The local economies of many communities in the southwest are tied to the operations of large coal-fired power plants. As those plants start closing, the communities can face significant disruption in their local economies through loss of jobs, tax revenues and other impacts. How to address those impacts involves both federal and states issues, multiple states, many different governmental entities and a variety of non-governmental stakeholders.
Some activity to address the transition away from coal generation has already taken place, such as New Mexico’s Energy Transition Act, which was adopted in 2019. (Governor Grisham’s press release regarding the legislation can be found here).
Arizona Congressman Tom O’Halleran recently introduced federal legislation to address many of the issues related to coal communities transition: The National Energy Workforce and Providing Recovery Opportunities to Manage the Industry’s Shifting Economics (“New Promise”) Act. This bill is focused primarily on impacts of the 2019 closure of the Navajo Generating Station outside Page, Arizona. (The bill’s language and overview can be found here and here).

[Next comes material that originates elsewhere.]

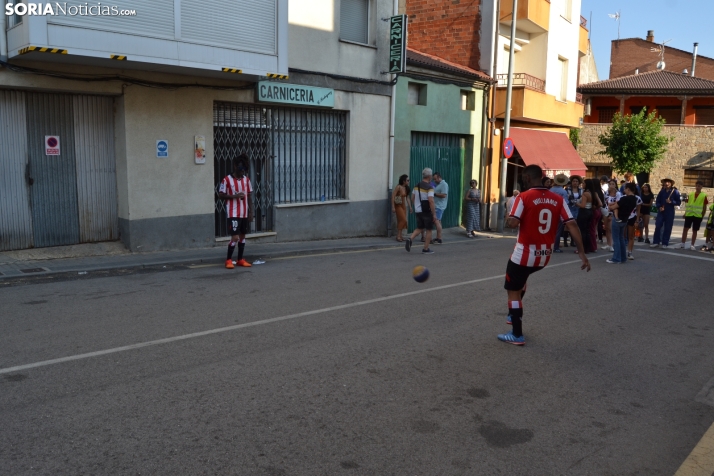 En im&aacute;genes: Tardelcuende celebra sus fiestas de la Juventud con una charanga de disfraces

The Arizona Corporation Commission also has started a proceeding to address coal communities’ transition. Docket No. E00000A-21-0010 has been opened “for the purpose of addressing the impact of the closures of fossil-based generation plant on impacted communities.” As part of this docket, the Commission will be soliciting comments from impacted communities, the Arizona Governor’s Office, the Arizona state legislature, regulated and unregulated entities, state and federal agencies and public utility commissions in neighboring states.
The complexities of how to effectively address the coal communities’ transition in a fair and equitable manner will test a variety of the stakeholders. Moreover, given the challenges, it may take some period of time to work through the process on multiple fronts.